## Dataset content
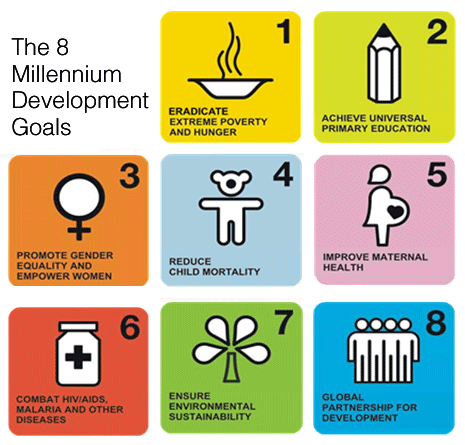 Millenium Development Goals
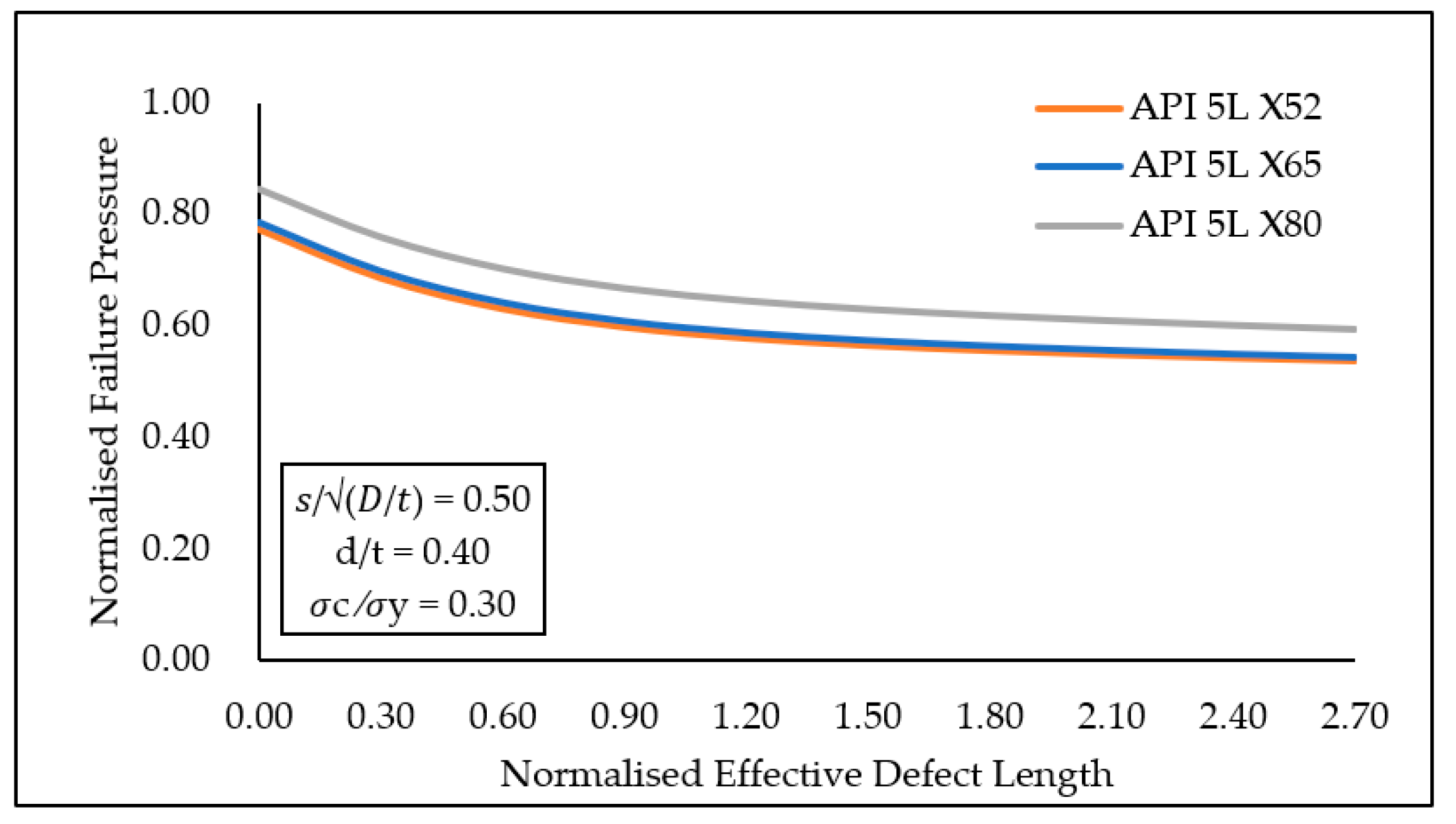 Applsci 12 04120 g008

--

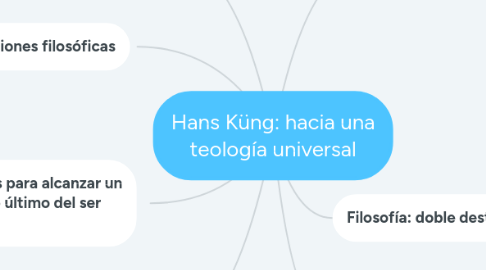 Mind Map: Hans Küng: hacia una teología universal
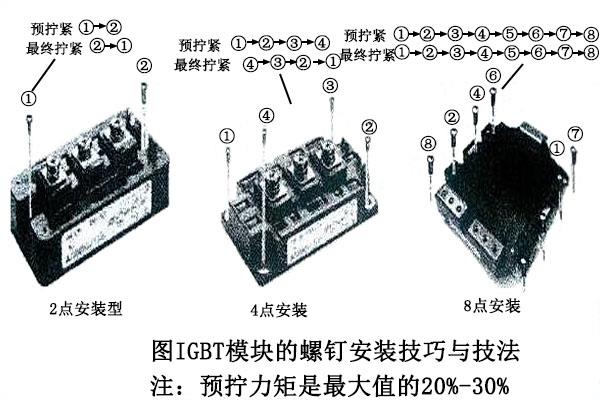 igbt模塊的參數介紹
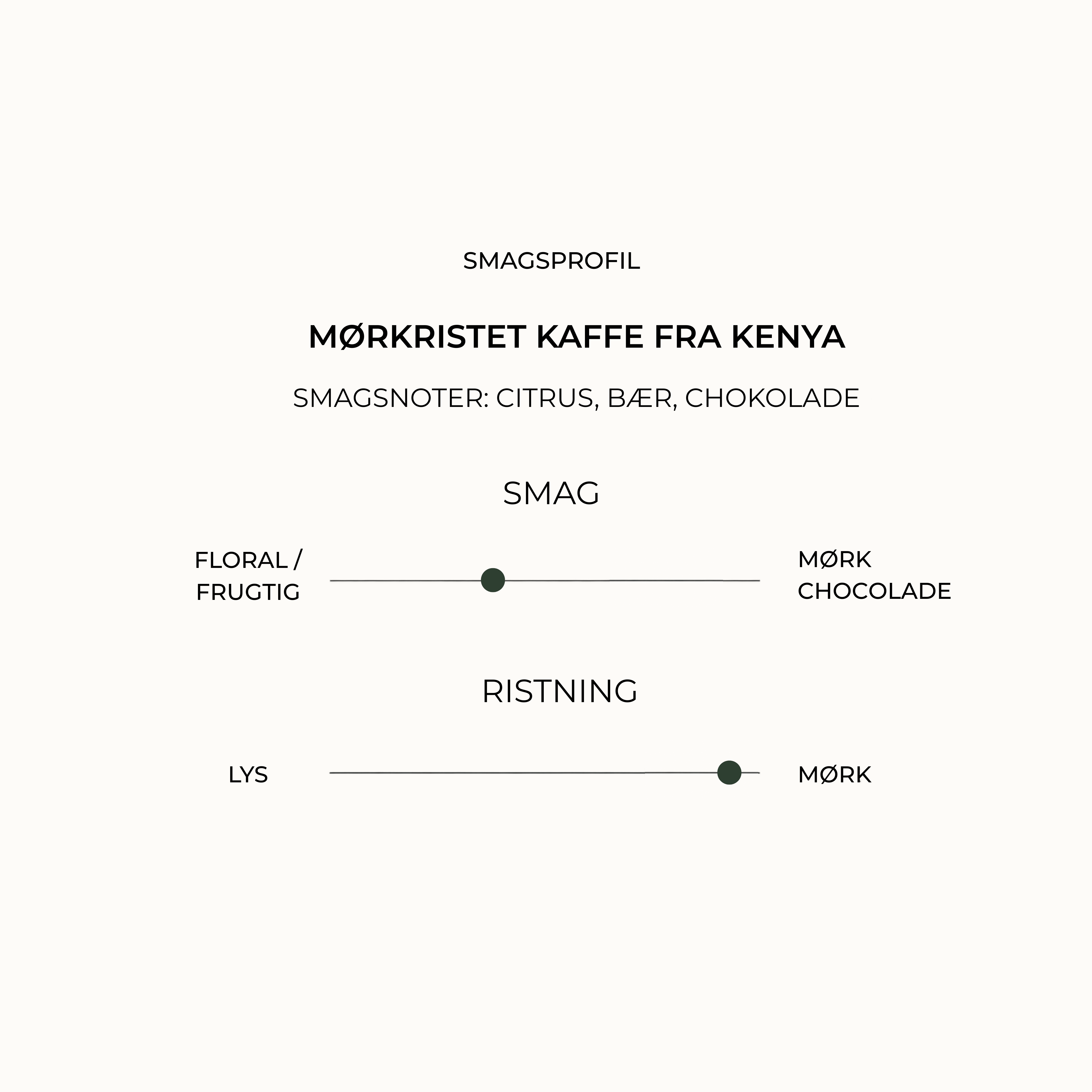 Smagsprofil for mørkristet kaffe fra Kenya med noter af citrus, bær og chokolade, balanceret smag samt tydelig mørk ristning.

## Activity
Repeat exactly the stretch of the listing above that starts with the line holding "igbt模塊的參數介紹" and finishes with the line holding "Smagsprofil for mørkristet", both included. Skip every picture.

## Reply to the task
 igbt模塊的參數介紹
 Smagsprofil for mørkristet kaffe fra Kenya med noter af citrus, bær og chokolade, balanceret smag samt tydelig mørk ristning.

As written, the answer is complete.